Wears The Trousers magazine | a women in music compendium
RECENT REVIEWS
  • Hilly Eye • Reasons To Live
  • Bleeding Rainbow • Yeah Right
  • Marianne Faithfull • Broken English (Deluxe Edition)
  • Torres • Torres
  • Lisa Loeb • No Fairy Tale
SEE ALL REVIEWS

Stevie Nicks • Crystal Visions: The Very Best Of

September 24, 2007 by Chris McCrudden in Record Reviews

n_lp_stevienicks_07

Stevie Nicks
Crystal Visions: The Very Best Of

One of the first women ever to receive the ill-starred title ‘Queen Of Rock ‘n’ Roll’ from Rolling Stone magazine, Stevie Nicks’s long career in the music business has mirrored its own progress from Summer of Love innocence to corporate experience. Going from folky idealism to mainstream success (and excess) as part of troubled behemoth Fleetwood Mac, she emerged as a solo artist in the ‘80s with a series of solo albums which trod a fine line between inspired and naff.

Crystal Visions is Nicks’s third career retrospective in just over a decade and, while it seeks to avoid repetition by mixing familiar hits with newer and live material, the result feels oddly compiled. Dating from a time when age and a combined cocaine and synthesisers habit had started to turn her kittenish voice into a rasp, ‘Edge Of Seventeen’, ‘Stand Back’ and ‘Rooms On Fire’ mould thrilling music from the unmalleable clay of soft rock. More recent efforts such as ‘Planets Of The Universe’ and ‘Sorcerer’ feel joyless in comparison, however, swapping fuck-you self-importance for her rather chewy brand of earth-mother songwriting.

The value to fans of live and re-recorded versions of Nicks’s classics is also a mixed blessing.
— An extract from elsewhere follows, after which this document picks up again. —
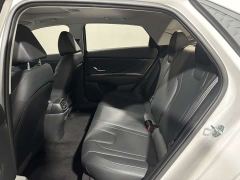 Hyundai Elantra 1.5L CVT Luxury - фото 9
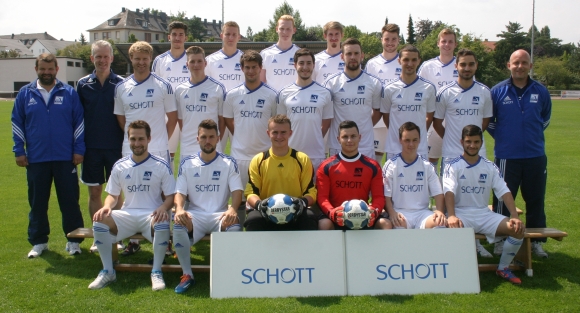 Das Aufgebot des TSV Schott Mainz II: (hinten von links) Burak Akbas, Marc Koslowski, Nils Fischer, Maximilian Liebermann, Yannik Loos, Tobias Büngen, (Mitte) Kotrainer Mike Schunk, Teamkoordinator Frank Bauermeister, Dennis Engel, Paul Schmidt, Marc Kreß, Florian Weissgerber, Pascal Janke, Labinot Dragusha, Alperen Genc, Torwarttrainer Tobias Mohr, (vorne) Daniel Brixius, Frederik März, Johannes Pieper, Marco Günther, Marc Herdt, Eren Tas. Es fehlen: Trainer Patrick Bieger, Sebastian Kühn, Yannik Hochhaus, Aleha Gharbi, Hussein Hadri, Maxwell Manu, Lorik Restelica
The addition of Mac songs ‘Rhiannon’ and ‘Dreams’ may be a welcome reminder that few artists could be as haunting, but it also suggests that the multi-songwriter line-up that caused so much personal tension within Fleetwood Mac made for better quality control than Nicks ever showed on her own. ‘Dreams’ makes it onto the disc in its 2005 re-recording with Deep Dish, which ditches the original’s mystery and sensuality in favour of a limp trance makeover. ‘Rhiannon’ fares better, however, in an extended live version which shows that, while she might have lost more than a few top notes, Nicks is still capable of putting on a good show.

Now that vast tranches of ‘80s rock are seen as little more than legends disgracing themselves before they ‘rediscovered their roots’ or a ready source of ironic samples, it would be easy to dismiss Stevie Nicks as an icon of bloated times. Yet for all the attendant self-indulgence, her voice, talent as a writer of memorable pop songs and determination to equal the genre’s big boys — instead of singing backup for them — marks her out for posterity. Her influence on artists as diverse as Courtney Love, Destiny’s Child and The Dixie Chicks shows her mettle, even if this compilation doesn’t.

Completists will appreciate the live recordings and various video clips bundled with Crystal Visions‘ bonus DVD. Everyone else, scour the bargain bins for her infinitely better ‘best of’, Timespace.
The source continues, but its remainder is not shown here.